• [DATASET EXTRACT]:

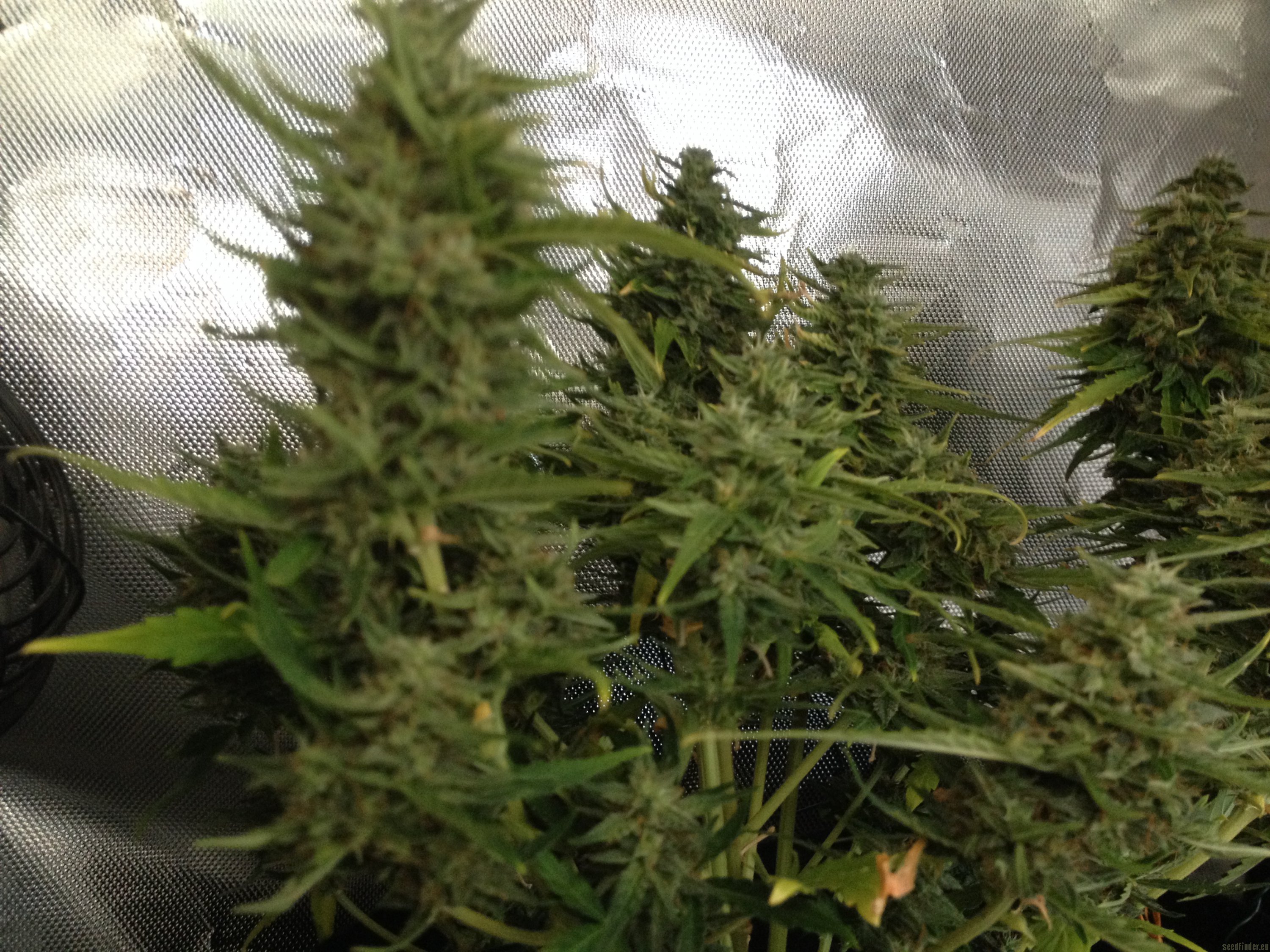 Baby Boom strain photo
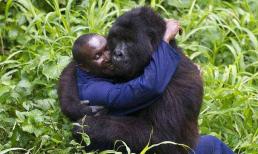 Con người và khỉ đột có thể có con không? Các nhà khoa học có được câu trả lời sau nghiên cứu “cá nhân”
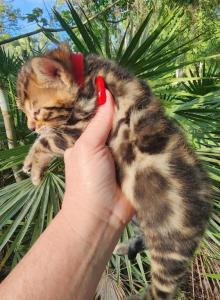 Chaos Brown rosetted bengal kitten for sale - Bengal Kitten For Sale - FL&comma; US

• [TASK ITEM]: Please set down the lines above word for word and leave out the pictures.

• [SOLUTION TO THE PROBLEM]:
 Baby Boom strain photo
 Con người và khỉ đột có thể có con không? Các nhà khoa học có được câu trả lời sau nghiên cứu “cá nhân”
 Chaos Brown rosetted bengal kitten for sale - Bengal Kitten For Sale - FL&comma; US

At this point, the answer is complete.